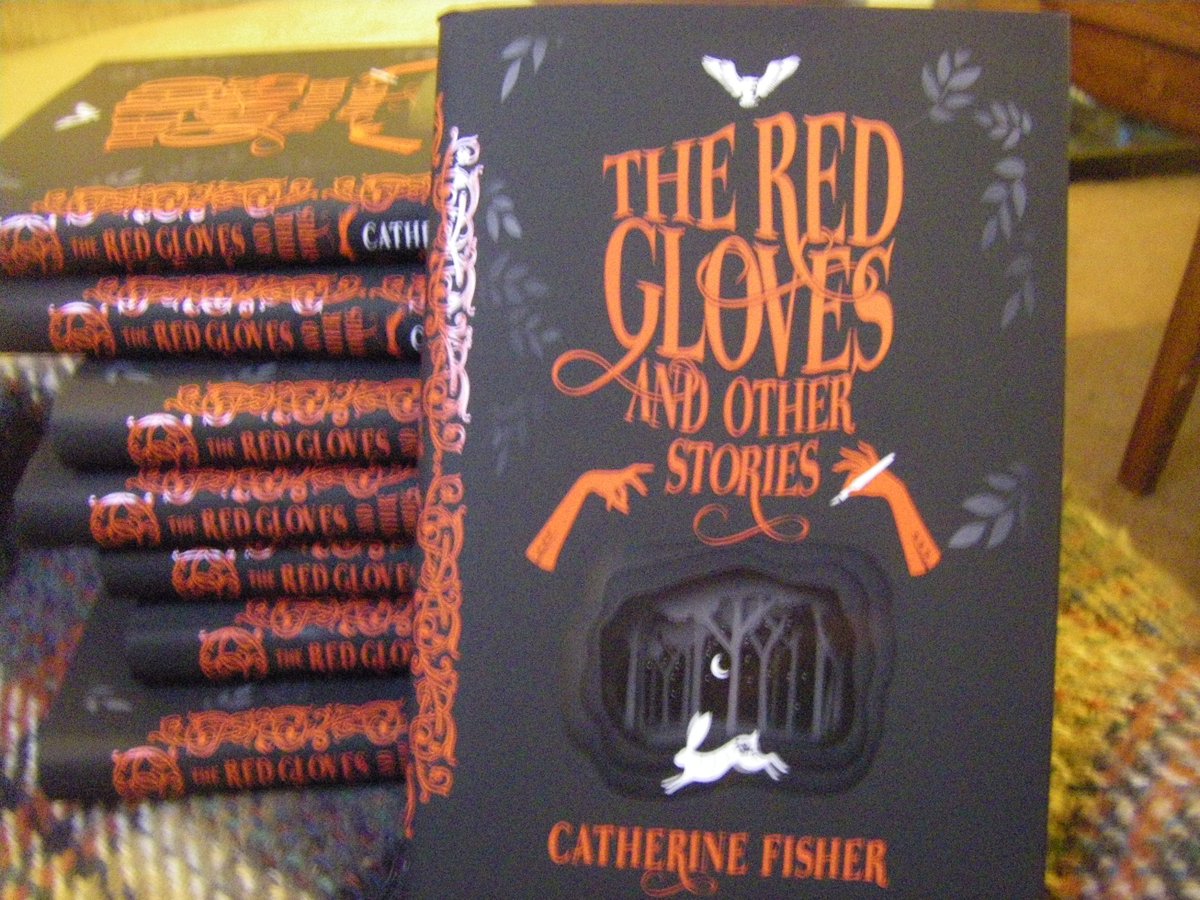 To celebrate the spooky season I'm giving away one signed copy of The Red Gloves and Other Stories, for all lovers of the weird and strange. Like and re-tweet this, random choice made Sunday 9th Oct. @FireflyPress #redglovesandotherstories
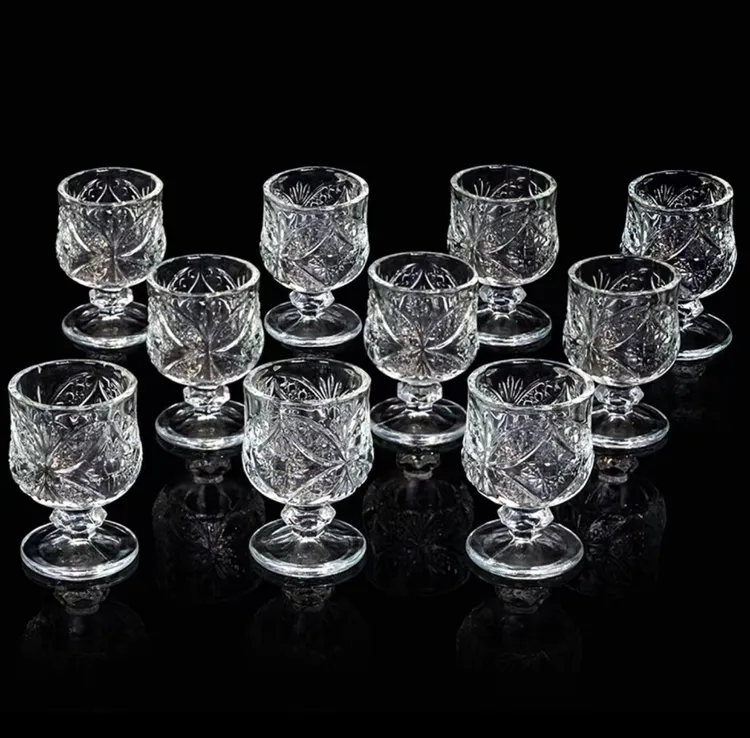 【八只装】创意迷你复古刻花玻璃杯一两高脚杯杯子白酒杯家用无铅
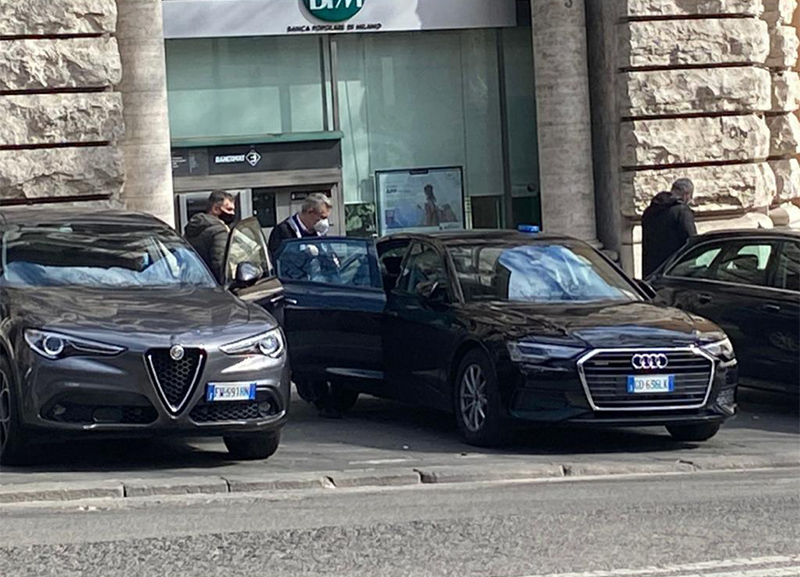 Galleria foto 'Licenziamenti, incontro sindacati-Bonomi. Ma a Landini non piace il clamore…' - foto 1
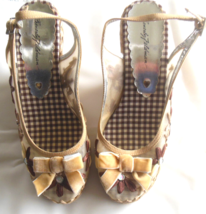 Beverly Feldman Floral/Bow Mesh, Straw Wedge Sandals/Shoes Size 8M - $64.35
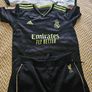 liverpool jersey and adidas top and trousers 11-12 years old Image 5
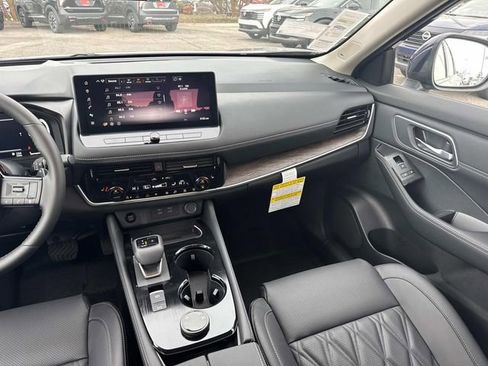 New 2026 Nissan Rogue Platinum w/ Platinum Premium Package AWD/4WD image 19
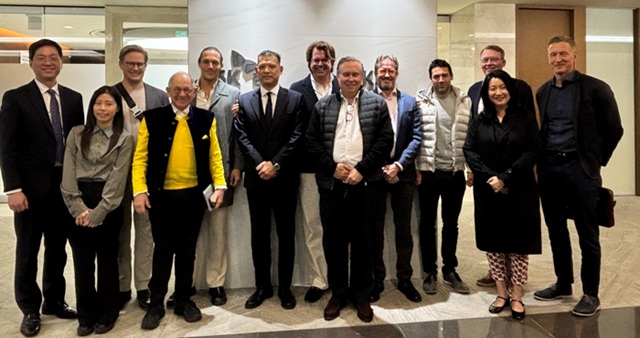 지난 20일 SK증권 본사에서 한정호 SK증권 글로벌사업부 대표(앞줄 왼쪽에서 세 번째), 클로드 핀켄버그 FOA 공동창립자(앞줄 왼쪽에서 네 번째)와 관계자들이 기념 촬영을 하고 있다. /SK증권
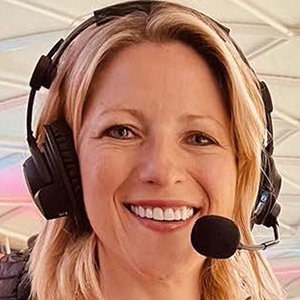 Jacqui Oatley MBE shares football media career advice in Her Goal Magazine Issue 8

TASK DIRECTIONS> Exactly the lines from the one holding "Beverly Feldman Floral/Bow" through the last line of the entries, both included, are to be duplicated; leave the pictures out.

WRITTEN SOLUTION>
 Beverly Feldman Floral/Bow Mesh, Straw Wedge Sandals/Shoes Size 8M - $64.35
 liverpool jersey and adidas top and trousers 11-12 years old Image 5
 New 2026 Nissan Rogue Platinum w/ Platinum Premium Package AWD/4WD image 19
 지난 20일 SK증권 본사에서 한정호 SK증권 글로벌사업부 대표(앞줄 왼쪽에서 세 번째), 클로드 핀켄버그 FOA 공동창립자(앞줄 왼쪽에서 네 번째)와 관계자들이 기념 촬영을 하고 있다. /SK증권
 Jacqui Oatley MBE shares football media career advice in Her Goal Magazine Issue 8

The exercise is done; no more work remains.